----- Data for this task

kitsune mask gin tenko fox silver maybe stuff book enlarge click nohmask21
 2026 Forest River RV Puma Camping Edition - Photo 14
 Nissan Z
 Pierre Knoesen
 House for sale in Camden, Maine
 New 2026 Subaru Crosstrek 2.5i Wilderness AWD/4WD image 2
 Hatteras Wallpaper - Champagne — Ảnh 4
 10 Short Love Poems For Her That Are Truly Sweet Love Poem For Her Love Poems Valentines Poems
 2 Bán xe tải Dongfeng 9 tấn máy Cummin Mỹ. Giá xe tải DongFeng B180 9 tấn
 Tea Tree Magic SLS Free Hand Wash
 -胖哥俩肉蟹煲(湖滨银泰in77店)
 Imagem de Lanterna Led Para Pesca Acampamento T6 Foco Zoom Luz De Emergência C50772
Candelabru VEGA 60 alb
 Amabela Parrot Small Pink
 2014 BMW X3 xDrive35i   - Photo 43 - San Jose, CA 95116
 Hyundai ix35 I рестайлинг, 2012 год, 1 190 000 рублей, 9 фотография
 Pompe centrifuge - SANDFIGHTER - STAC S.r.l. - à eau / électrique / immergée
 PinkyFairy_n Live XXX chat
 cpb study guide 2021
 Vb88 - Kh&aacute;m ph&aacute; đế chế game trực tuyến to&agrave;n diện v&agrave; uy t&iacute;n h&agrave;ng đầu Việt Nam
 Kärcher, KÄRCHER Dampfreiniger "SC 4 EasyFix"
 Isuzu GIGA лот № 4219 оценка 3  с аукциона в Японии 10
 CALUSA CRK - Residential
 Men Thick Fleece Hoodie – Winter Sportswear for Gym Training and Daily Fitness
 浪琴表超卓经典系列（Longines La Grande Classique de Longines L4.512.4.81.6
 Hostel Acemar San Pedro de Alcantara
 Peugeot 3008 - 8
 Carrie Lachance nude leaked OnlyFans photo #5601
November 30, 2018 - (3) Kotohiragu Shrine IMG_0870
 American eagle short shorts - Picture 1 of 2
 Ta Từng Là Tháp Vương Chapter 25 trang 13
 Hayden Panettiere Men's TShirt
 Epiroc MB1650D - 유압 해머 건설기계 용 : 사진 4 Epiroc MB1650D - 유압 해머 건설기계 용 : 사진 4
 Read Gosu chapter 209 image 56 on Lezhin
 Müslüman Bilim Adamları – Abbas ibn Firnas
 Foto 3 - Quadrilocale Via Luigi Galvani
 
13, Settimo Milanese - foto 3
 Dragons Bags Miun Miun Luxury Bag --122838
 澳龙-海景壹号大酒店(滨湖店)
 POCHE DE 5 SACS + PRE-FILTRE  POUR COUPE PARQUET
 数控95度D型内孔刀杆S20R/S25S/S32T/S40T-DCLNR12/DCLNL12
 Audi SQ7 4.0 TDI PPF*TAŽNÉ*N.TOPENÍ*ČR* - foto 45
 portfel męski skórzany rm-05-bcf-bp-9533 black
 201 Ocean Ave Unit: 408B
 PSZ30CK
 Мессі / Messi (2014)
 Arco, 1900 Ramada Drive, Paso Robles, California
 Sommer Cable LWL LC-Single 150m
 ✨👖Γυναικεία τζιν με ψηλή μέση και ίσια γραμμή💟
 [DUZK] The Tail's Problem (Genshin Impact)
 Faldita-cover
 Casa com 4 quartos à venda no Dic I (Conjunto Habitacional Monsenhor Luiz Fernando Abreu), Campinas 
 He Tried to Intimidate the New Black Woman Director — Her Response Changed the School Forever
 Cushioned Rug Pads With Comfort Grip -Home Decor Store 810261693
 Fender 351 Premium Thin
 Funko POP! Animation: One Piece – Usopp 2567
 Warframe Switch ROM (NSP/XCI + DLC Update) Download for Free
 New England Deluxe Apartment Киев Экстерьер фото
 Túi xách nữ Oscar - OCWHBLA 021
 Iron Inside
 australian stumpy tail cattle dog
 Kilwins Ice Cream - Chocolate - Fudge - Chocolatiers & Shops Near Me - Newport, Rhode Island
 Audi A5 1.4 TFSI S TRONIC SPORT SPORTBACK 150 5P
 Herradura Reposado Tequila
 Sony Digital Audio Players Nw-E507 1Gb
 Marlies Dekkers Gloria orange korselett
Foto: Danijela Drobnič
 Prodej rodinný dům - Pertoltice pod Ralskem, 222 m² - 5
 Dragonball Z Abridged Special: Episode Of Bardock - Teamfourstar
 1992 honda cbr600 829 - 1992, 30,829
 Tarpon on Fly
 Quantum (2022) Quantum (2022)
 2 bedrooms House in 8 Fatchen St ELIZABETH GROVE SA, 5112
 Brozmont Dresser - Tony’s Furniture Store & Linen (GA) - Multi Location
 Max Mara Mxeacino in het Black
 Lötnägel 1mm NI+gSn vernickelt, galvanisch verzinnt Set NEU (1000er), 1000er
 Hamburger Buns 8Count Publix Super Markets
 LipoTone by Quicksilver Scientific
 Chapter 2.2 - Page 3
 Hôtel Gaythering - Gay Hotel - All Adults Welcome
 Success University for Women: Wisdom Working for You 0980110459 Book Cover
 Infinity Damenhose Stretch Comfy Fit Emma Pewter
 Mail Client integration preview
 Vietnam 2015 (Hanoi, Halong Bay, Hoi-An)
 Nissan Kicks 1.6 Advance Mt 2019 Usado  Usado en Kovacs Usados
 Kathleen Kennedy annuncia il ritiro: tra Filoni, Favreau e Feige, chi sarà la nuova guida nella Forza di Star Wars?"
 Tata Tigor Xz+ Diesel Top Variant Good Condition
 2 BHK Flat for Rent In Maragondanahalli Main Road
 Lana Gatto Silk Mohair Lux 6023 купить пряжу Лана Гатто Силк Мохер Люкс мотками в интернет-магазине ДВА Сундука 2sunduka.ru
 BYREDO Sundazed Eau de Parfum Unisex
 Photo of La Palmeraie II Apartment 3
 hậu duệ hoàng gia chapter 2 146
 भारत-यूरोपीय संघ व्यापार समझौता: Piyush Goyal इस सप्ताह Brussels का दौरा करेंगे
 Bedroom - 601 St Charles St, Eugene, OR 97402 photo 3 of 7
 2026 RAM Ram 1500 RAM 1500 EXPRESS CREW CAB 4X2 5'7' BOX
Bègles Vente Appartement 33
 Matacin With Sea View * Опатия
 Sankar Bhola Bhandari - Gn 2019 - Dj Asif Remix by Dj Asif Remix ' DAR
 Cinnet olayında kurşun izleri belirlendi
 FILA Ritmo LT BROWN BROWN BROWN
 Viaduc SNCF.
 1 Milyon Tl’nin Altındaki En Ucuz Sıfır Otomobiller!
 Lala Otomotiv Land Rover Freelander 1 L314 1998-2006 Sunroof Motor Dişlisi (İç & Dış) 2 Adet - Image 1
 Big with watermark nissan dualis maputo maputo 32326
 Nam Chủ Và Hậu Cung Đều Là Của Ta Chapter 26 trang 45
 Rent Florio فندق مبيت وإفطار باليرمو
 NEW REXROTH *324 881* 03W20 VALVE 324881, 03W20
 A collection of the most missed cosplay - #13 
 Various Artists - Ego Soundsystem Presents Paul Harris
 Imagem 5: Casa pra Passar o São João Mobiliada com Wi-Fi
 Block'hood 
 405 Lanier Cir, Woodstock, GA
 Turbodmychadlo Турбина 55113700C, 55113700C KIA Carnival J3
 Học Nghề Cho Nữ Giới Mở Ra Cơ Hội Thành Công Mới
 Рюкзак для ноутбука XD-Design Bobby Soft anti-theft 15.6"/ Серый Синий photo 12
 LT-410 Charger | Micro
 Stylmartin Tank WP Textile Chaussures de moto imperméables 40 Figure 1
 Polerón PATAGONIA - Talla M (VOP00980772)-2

----------

Reproduce only this range: the first line of the data above through the line with "Peugeot 3008 - 8", both included, exactly as written.

kitsune mask gin tenko fox silver maybe stuff book enlarge click nohmask21
 2026 Forest River RV Puma Camping Edition - Photo 14
 Nissan Z
 Pierre Knoesen
 House for sale in Camden, Maine
 New 2026 Subaru Crosstrek 2.5i Wilderness AWD/4WD image 2
 Hatteras Wallpaper - Champagne — Ảnh 4
 10 Short Love Poems For Her That Are Truly Sweet Love Poem For Her Love Poems Valentines Poems
 2 Bán xe tải Dongfeng 9 tấn máy Cummin Mỹ. Giá xe tải DongFeng B180 9 tấn
 Tea Tree Magic SLS Free Hand Wash
 -胖哥俩肉蟹煲(湖滨银泰in77店)
 Imagem de Lanterna Led Para Pesca Acampamento T6 Foco Zoom Luz De Emergência C50772
Candelabru VEGA 60 alb
 Amabela Parrot Small Pink
 2014 BMW X3 xDrive35i   - Photo 43 - San Jose, CA 95116
 Hyundai ix35 I рестайлинг, 2012 год, 1 190 000 рублей, 9 фотография
 Pompe centrifuge - SANDFIGHTER - STAC S.r.l. - à eau / électrique / immergée
 PinkyFairy_n Live XXX chat
 cpb study guide 2021
 Vb88 - Kh&aacute;m ph&aacute; đế chế game trực tuyến to&agrave;n diện v&agrave; uy t&iacute;n h&agrave;ng đầu Việt Nam
 Kärcher, KÄRCHER Dampfreiniger "SC 4 EasyFix"
 Isuzu GIGA лот № 4219 оценка 3  с аукциона в Японии 10
 CALUSA CRK - Residential
 Men Thick Fleece Hoodie – Winter Sportswear for Gym Training and Daily Fitness
 浪琴表超卓经典系列（Longines La Grande Classique de Longines L4.512.4.81.6
 Hostel Acemar San Pedro de Alcantara
 Peugeot 3008 - 8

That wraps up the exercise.